Combine first 6 ingredients in a shallow dish, stirring with a whisk. Place egg whites in a shallow dish. Place cornflakes in a shallow dish. Working with 1 chicken strip at a time, dredge in flour mixture. Dip in egg whites; dredge in cornflakes. Place on a baking sheet coated with cooking spray. Repeat procedure with remaining chicken strips, flour mixture, egg whites, and cornflakes.

Lightly coat chicken strips with cooking spray. Bake at 400° for 10 minutes or until done, turning once.

Combine hot sauce, pepper sauce, and Worcestershire in a small saucepan; bring to a boil. Reduce heat, and simmer 1 minute. Remove from heat; stir in butter. Drizzle hot sauce mixture over chicken. Serve with ranch dressing, celery, and carrots.

Crunchy Garlic Chicken

Thanks to Ash for this fabulous recipe! It was not only delicious, but made a lot so we had it practically all week! Both Scott and I gave it two enthusiastic thumbs up.


Crunchy Garlic Chicken

1.75 lbs boneless skinless chicken breasts
1/4 c butter, melted (I subbed 3 egg whites here)
2 tbsp milk
1 tbsp chives
1/2 tsp salt
1/2 tsp garlic powder (I think I upped this!)
2 c Total, crushed (I used Special K bc it was on sale.)
3 tbsp parsley
1/2 tsp paprika
2 tbsp Parm cheese (my addition…)

Directions:
Pray a 9×13 in pan. In a shallow dish, mix butter, milk, chives, salt and garlic powder. In another shallow dish, mix crushed cereal, parsley, paprika and Parm cheese. Dip chicken into milk mixture, then coat lightly and evenly w/ cereal mixture. Place in pan. Drizzle with remaining cereal breading once you’ve breaded all the breasts. Bake 20-25 min at 425.

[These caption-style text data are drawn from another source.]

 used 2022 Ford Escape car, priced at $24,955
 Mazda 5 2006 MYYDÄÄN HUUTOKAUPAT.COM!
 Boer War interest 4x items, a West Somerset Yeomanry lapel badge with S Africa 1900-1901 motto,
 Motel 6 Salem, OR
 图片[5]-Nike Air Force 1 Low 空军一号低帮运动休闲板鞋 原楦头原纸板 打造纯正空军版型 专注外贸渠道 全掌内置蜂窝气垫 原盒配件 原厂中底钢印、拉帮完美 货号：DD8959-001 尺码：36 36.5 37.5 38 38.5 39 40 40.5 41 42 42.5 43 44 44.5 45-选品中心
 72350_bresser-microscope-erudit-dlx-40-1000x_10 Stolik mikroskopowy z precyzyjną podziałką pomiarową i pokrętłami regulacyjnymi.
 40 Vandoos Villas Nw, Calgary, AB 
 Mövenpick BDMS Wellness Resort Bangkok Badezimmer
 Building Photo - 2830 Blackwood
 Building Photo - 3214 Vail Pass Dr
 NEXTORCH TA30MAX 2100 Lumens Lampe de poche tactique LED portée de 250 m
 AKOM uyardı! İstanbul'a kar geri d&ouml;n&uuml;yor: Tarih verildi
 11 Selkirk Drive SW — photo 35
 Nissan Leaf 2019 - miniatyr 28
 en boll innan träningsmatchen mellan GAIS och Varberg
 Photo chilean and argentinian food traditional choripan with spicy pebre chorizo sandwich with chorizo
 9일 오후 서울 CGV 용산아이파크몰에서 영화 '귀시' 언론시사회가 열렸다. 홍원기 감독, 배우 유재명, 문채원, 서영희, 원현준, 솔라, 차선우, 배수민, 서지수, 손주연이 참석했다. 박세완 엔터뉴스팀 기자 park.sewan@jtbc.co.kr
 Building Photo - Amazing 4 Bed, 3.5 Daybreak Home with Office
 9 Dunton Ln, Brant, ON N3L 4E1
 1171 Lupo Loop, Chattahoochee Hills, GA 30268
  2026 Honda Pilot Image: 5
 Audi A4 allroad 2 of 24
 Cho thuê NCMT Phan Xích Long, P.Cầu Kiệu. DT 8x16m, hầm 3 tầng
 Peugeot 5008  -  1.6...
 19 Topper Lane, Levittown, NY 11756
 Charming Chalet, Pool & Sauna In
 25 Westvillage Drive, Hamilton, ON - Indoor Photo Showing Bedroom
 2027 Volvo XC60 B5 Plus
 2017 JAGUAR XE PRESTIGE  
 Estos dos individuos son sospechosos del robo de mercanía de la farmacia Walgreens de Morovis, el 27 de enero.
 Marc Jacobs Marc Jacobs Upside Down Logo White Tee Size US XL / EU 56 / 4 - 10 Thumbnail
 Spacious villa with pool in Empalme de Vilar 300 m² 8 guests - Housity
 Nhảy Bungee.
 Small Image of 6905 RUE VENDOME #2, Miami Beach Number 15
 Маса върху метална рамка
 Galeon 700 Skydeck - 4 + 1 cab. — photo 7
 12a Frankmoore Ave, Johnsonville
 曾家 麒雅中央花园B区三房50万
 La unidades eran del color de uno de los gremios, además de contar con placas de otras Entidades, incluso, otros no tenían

Here are some reflections and tips:

  • It would be a great recipe to make when having company over.
  • Warming it up in the microwave wasn’t the most wonderful thing in the world (the breading got kinda mushy) – but in the oven on the pizza stone it was awesome!
  • I used big ‘ole chicken breasts but Scott and I actually thought either cutting up the breasts or using chicken tenders would be a better utilization of the breading and achieve a better ratio of crunch to chicken (Yes, we actually talk like that…)
  • Ash also suggested using breadcrumbs to supplement the cereal chunks for more thorough coverage.
  • It’s a really versatile taste – the first night I made potatoes and last night we ate it as a chicken Parmesan type of thing, with some spaghetti. A total chameleon.